Société

L'insupportable instrumentalisation des familles en exil

COMMENTAIRE

Alors que la Belgique peine déjà à respecter ses obligations en matière d’accueil aux personnes demandeuses d’asile, la secrétaire d’État, Nicole de Moor vient de prendre une décision qui ne va pas dans le sens d’une amélioration. Tout cela sous le couvert de l’accueil à réserver aux familles et aux enfants.

Bien sûr, la secrétaire d’État expose un objectif louable, il faut « éviter absolument que des enfants ne se retrouvent à la rue en hiver ». Au Ligueur, nous sommes évidemment sensibles à cela, laisser des familles et des enfants sans toit à l’arrivée des mauvais jours, quoi de plus louable ! Cela dit, la façon d’atteindre cet objectif plein d’humanité a de quoi laisser perplexe.

Posons le cadre ou, plutôt, laissons Nicole de Moor, elle-même, le poser. « Le nombre élevé de demandeurs d’asile arrivés dans notre pays ces deux dernières années pèse encore sur le réseau d’accueil. Nous continuons à ouvrir de nouveaux centres, mais chacun a pu constater l’année dernière combien il est difficile de créer des places d’accueil. Je veux absolument éviter que des enfants se retrouvent à la rue ».

Pour régler le problème, la secrétaire d’État sort une idée miracle. La Belgique, temporairement, n’accueillera plus les demandeurs d’asile, dans le réseau FEDASIL, lorsqu’il s’agit d’hommes seuls. Voilà de quoi faire de la place pour les familles et les enfants.

Une certaine manipulation

Le problème, c’est que cette décision ne fait qu’enfoncer le gouvernement dans son non-respect de ses obligations. Même au sein de l’exécutif fédéral, ça rechigne. Le vice-premier Écolo Georges Gilkinet est déjà monté au créneau. « Des solutions doivent être trouvées pour mettre fin aux condamnations dont il (l’État Fédéral) est la cible et surtout pour faire en sorte qu’aucun demandeur d’asile ayant droit à l’accueil ne soit contraint à dormir dehors cet hiver ».
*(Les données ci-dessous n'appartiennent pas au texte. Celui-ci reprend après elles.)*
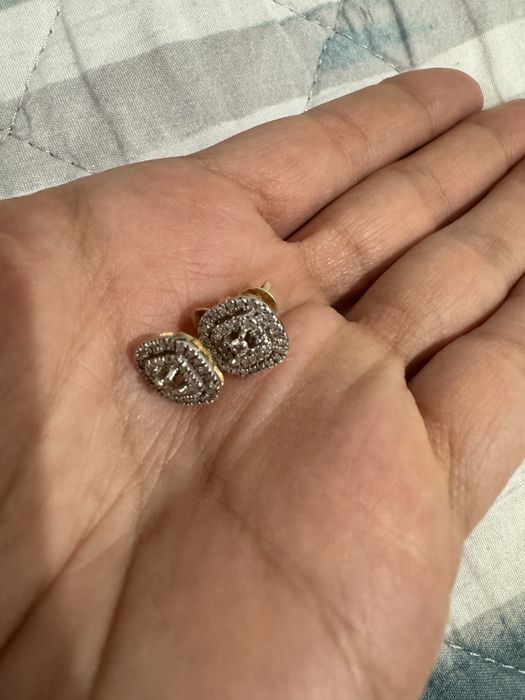 Пусеты серьги с бриллиантами 585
On ne peut s’empêcher de voir dans la décision de Nicole de Moor un fond de manipulation. En mettant un obstacle sur la route des « hommes seuls demandeurs d’asile », elle semble faire barrage à une « immigration » perçue par certains comme dangereuses au gré d’amalgames et de raccourcis un peu faciles. Elle brosse certains électeurs dans le sens du poil. Pour rendre acceptable sa mesure aux yeux des autres, elle brandit l’aide nécessaire à apporter à des familles et à des enfants. Qui pourrait s’élever contre cela ?

Une crise longue durée

Au Ciré (Coordination et initiatives pour réfugiés et étrangers), on ne décolère pas. L’instrumentalisation des familles et des enfants est pointée. Évidemment. Mais ce qui exaspère, c’est « la longueur de la crise et l’attitude coupable du gouvernement ». Sotieta Ngo, la directrice générale, ne mâche pas ses mots : « Il y a un cadre légal, des obligations, des droits, des condamnations, des aides sociales à apporter. Et la secrétaire d’État s’assied dessus. Tout simplement. J’y vois de l’instrumentalisation. Du cynisme électoral. »

L’argument des familles passe mal chez Sotieta Ngo. Elle replace les choses dans leur contexte. « Cette mesure ne fait que consacrer une situation de fait. Aujourd’hui, déjà, pour faire face au manque de places, on privilégie les familles, les enfants… Résultats, les hommes seuls restent déjà à la rue. Ici, on fait croire qu’on prend une mesure en urgence pour mettre à l’abri les plus fragilisés. Mais cela fait deux ans que ça dure. Une telle mesure pourrait se justifier pour faire face à une situation imprévisible, soudaine… Mais là, on est loin du compte. »

Le débat, on le voit, est explosif. « Sur le fond et sur la forme, rien ne va » renchérit Sotieta Ngo, juriste de formation. Au point de tendre les relations au sein d’un gouvernement qui tente, aujourd’hui, de se donner bonne conscience, en donnant l’illusion de renforcer son aide aux plus faibles, les familles et les enfants? Peut-être, mais ce n'est pas sûr. Cette crise semble perçue comme une fatalité par l'équipe fédérale qui affirme, notamment, que jamais on n'a déployé autant de moyens dans ce dossier. Pour mettre un terme à cette crise lancinante, ne serait-il pas temps de repenser les moyens de façon efficace pour faire face à une situation humanitaire qui demande un maximum de respect, tant au niveau des individus qu'à celui des obligations légales que se doit de respecter le gouvernement.